Al Hayat - Brammertz va poursuivre Karadzic. Mais qui Bellemare poursuivra-t-il?, 23 Juillet 2008

Al Hayat - Brammertz Will Prosecute Karadzic. But Whom Will Bellemare Prosecute?, July 23, 2008

By Randa Takieddine

The arrest of the former Bosnian Serb leader Radovan Karadzic is extremely important because it gives a beam of hope to the peoples of the world that, no matter how long it takes, there is something called international justice. Karadzic is accused of ethnic cleansing, war crimes and crimes against humanity, which killed more than 8,000 Muslims in Srebrenica in 1995. Remarkably, the international prosecutor who will lead the case in The Hague is Serge Brammertz, who for six months headed an international investigation into the assassination of former Lebanese Prime Minister Rafic Hariri. Brammertz resigned from his post to take over from Carla Del Ponte in The Hague.
It is an encouraging coincidence. It revives hope for the Lebanese that the perpetrators of crimes against politicians, journalists and military personnel will be revealed and eventually tried, even if the investigation drags on a while.
After the fall of the Berlin Wall, Yugoslavia fell apart and its six republics declared their independence in 1991. Karadzic and Slobodan Milosevic tried to join Croatia and Bosnia to Serbia; Karadzic, helped by Ratko Mladic, carried out the ethnic cleansing of Muslims from Bosnia.
Karadzic is called the "Osama bin Laden of Europe." His arrest prompts us to hope that the crimes that have been committed in Lebanon since the assassination of Hariri, and even prior to this, might one day see the arrest of the network that carried them out.

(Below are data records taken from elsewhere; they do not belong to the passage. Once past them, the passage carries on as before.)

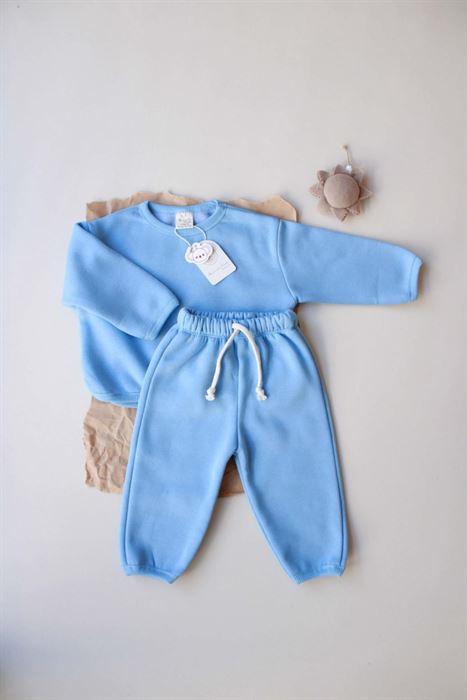 Mavi Biyeli Polarlı Eşofman Takım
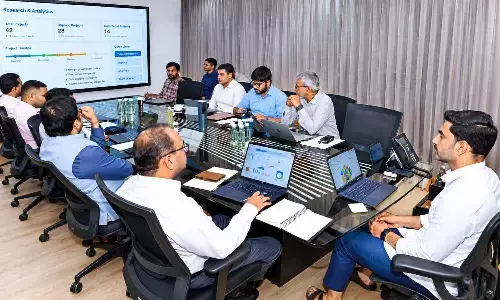 HRD, IT and Electronics Minister Nara Lokesh chairs a review on school infrastructure and skill development at Undavalli on Monday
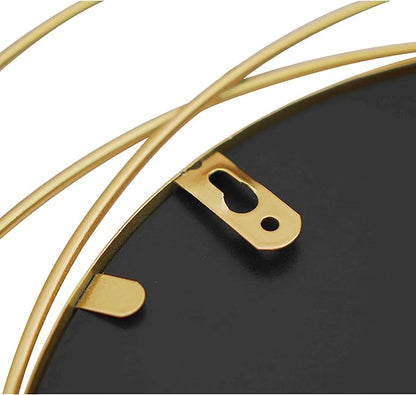 Cityelf 2 Set 15.7'' Gold Circle Mirrors Wall Decor Iron Frame Wall Art Round Mirror Home Decor Hanging for Living Room/Bedroom/Bathroom/Entryway (Medium Size 15.7 inch,Circles)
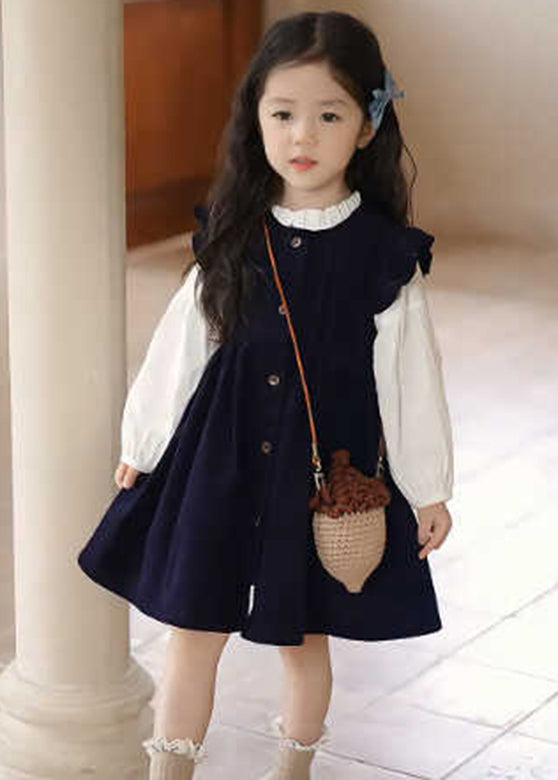 Chic Black O-Neck Ruffled Corduroy Kids Maxi Dresses Spring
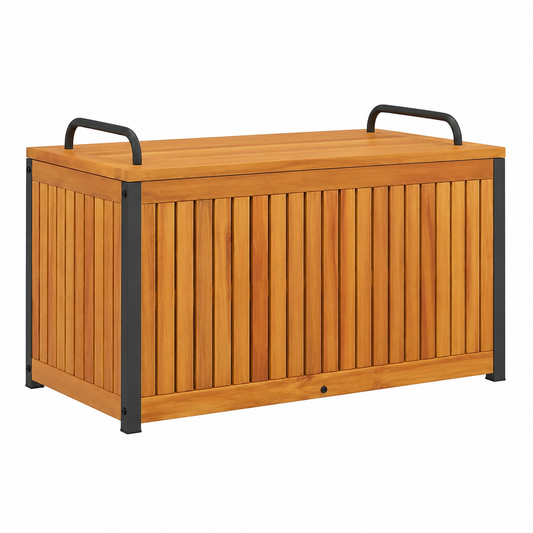 Coffre de Rangement Extérieur en Acacia et Acier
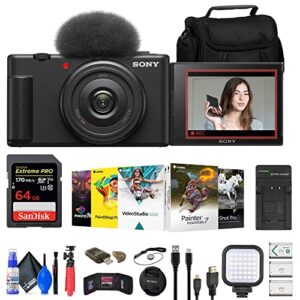 sony zv-1f vlogging camera (black) (zv1fb) + case + 64gb card + 2 x np-bx1 battery + card reader + corel photo software + led light + charger + flex tripod + memory wallet + more
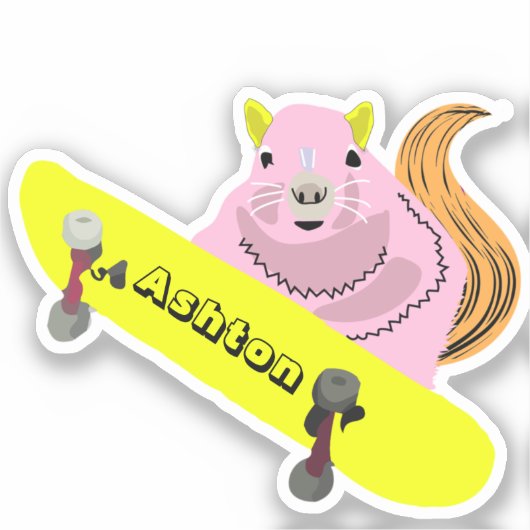 リスいけなル#968名前をカスタムするスケート シール (正面)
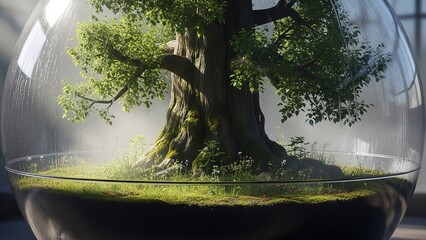 Majestic ancient tree thrives within a delicate glass terrarium, symbolizing growth and preservation.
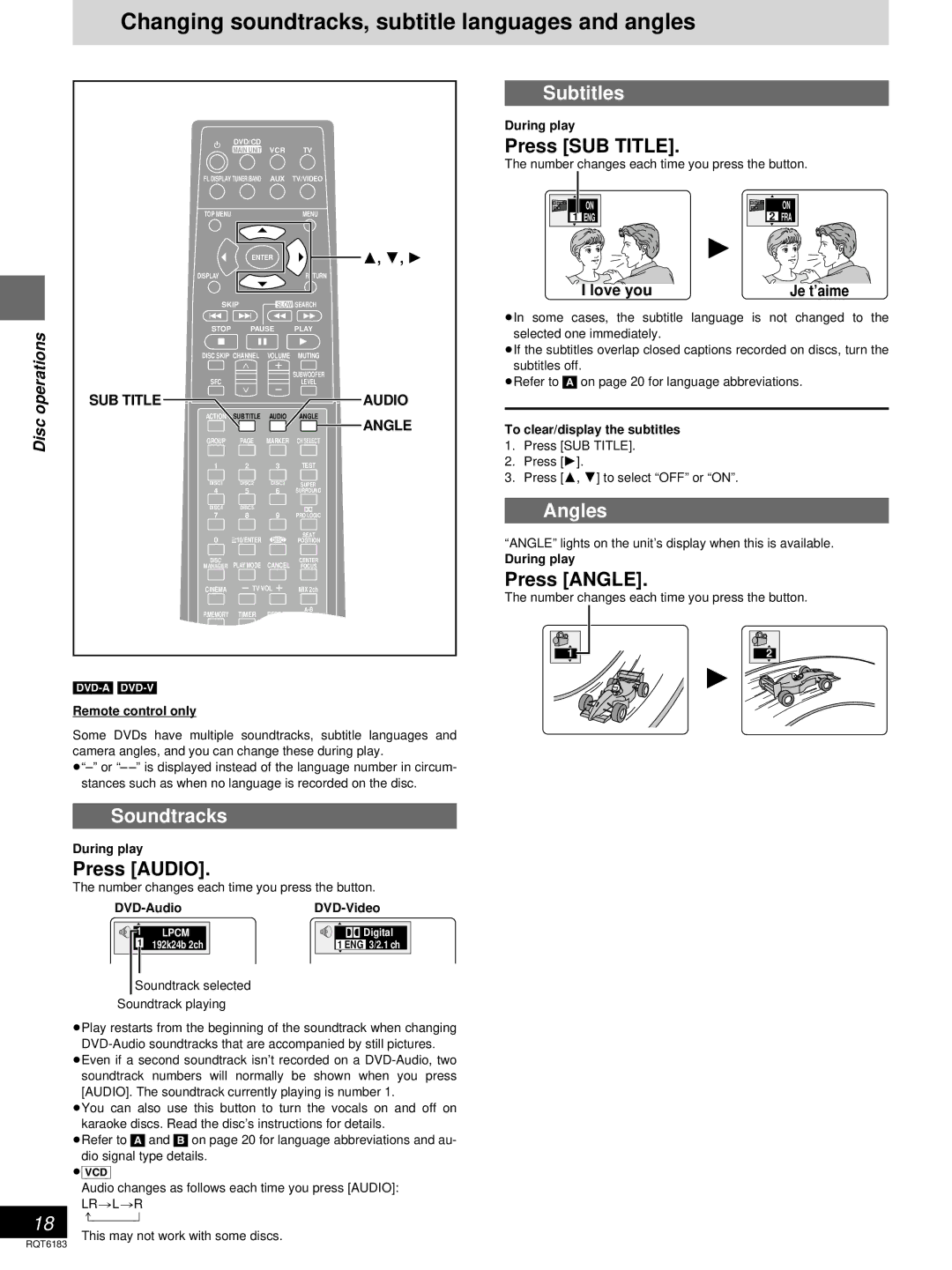 Panasonic SC-HT95, SC-HT75 warranty Changing soundtracks, subtitle languages and angles, Subtitles, Angles, Soundtracks 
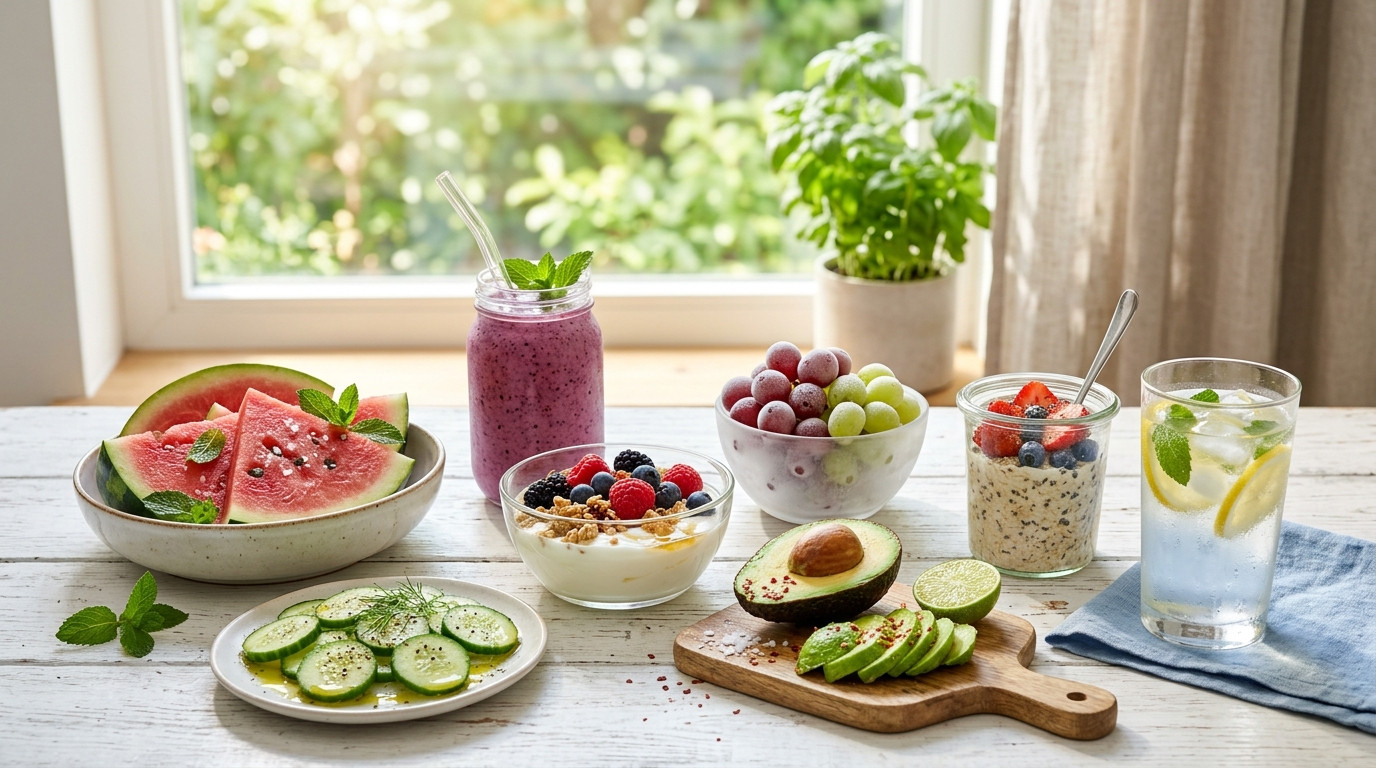 What to eat when you have no appetite in summer heat with refreshing fruits yogurt and water-rich healthy foods.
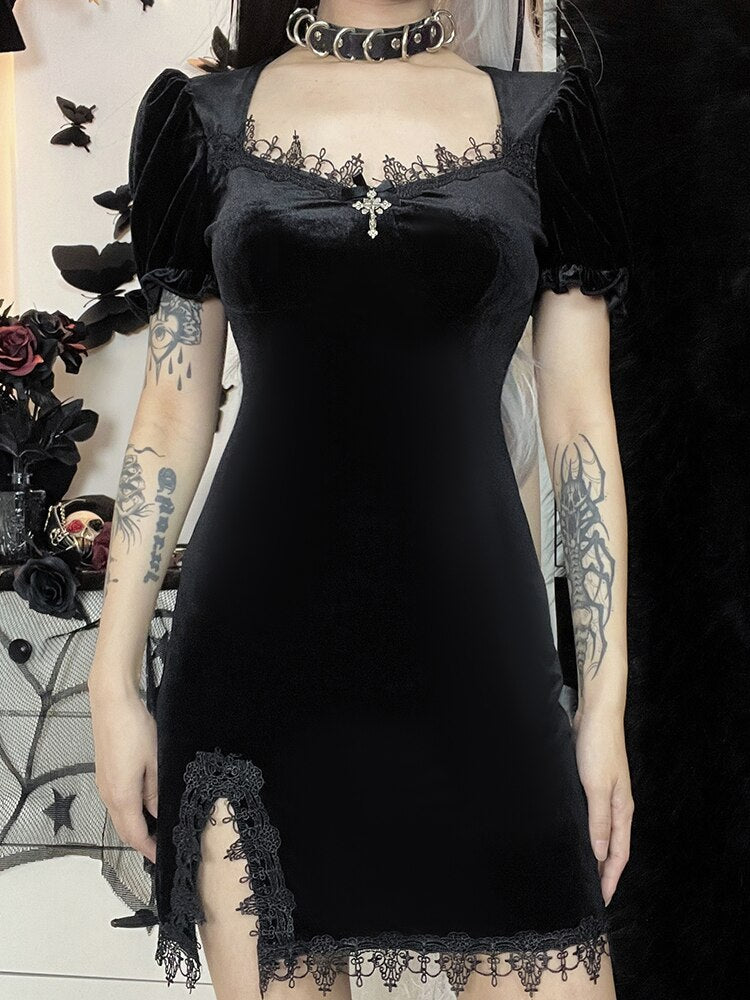 Gothic Velvet Dress - Black / L - All Dresses - Dresses - 17 - 2024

Prior to the assassination of Hariri, his comrades and Minister Basil Fleihan, there were the killings of leaders and presidents in Lebanon, which were not addressed, even though many are convinced that the same network that killed Hariri and his comrades had equally assassinated Kamal Jumblatt, Rene Mouawad, and Bashir Gemayel. It is true that these did not take place during the same period, but the network that undertook the previous assassinations, which did not spare leading journalists like Salim al-Lawzi, used various methods during the course of political developments in Lebanon.
The assassination of Hariri and Fleihan and the subsequent crimes against journalists Gebran Tueni and Samir Kassir, and politicians Pierre Gemayel, Walid Eido and his son, George Hawi, Antoine Ghanem, and General Francois Hajj, and the attempts against May Chidiac, Marwan Hamade and Elias Murr, are crimes that fall into the framework of a spate of killings intended to keep Lebanon in the terror camp.
With the arrest of Karadzic, we hope that the head of the international investigation into the killing of Hariri and his comrades, Canada's Daniel Bellemare, will speed up the completion of his investigation to create an international tribunal by the end of 2009. Despite all of the political developments in France and the US and the two countries' openness to Syria and Iran, hope remains that Bellemare is keen to remain distant from politics and conduct his investigation in a professional fashion. He is a retired judge who, unlike his predecessor Brammertz, does not seek a post other than that of international public prosecutor when he finishes his investigation. In the view of some, including his predecessor Judge Detlev Mehlis, Brammertz was secretive. However, he acted like a historian of the crime, and not an investigator. As for Bellemare, he is leading a professional investigation and is not talking about it with anyone. He meets with officials from the United Nations Security Council but does not reveal any information about the investigation.
Bellemare requires testimony and evidence that should be protected, so that his investigation can yield results. International justice takes time, since it is a serious effort. No matter how long it takes, the punishment of the criminals, in the end, will resemble the fall of the Berlin Wall, especially in the Middle East. The UN resolution creating an international tribunal for the Hariri assassination is not just words. Whoever believes that developments in the region will abolish this tribunal can refer to what happened to Karadzic, 13 years after the search for him began. Perhaps this arrest represents hope, for those who have been disappointed due to French and American policy developments in the region, even though the Middle East's Berlin Wall has yet to come down.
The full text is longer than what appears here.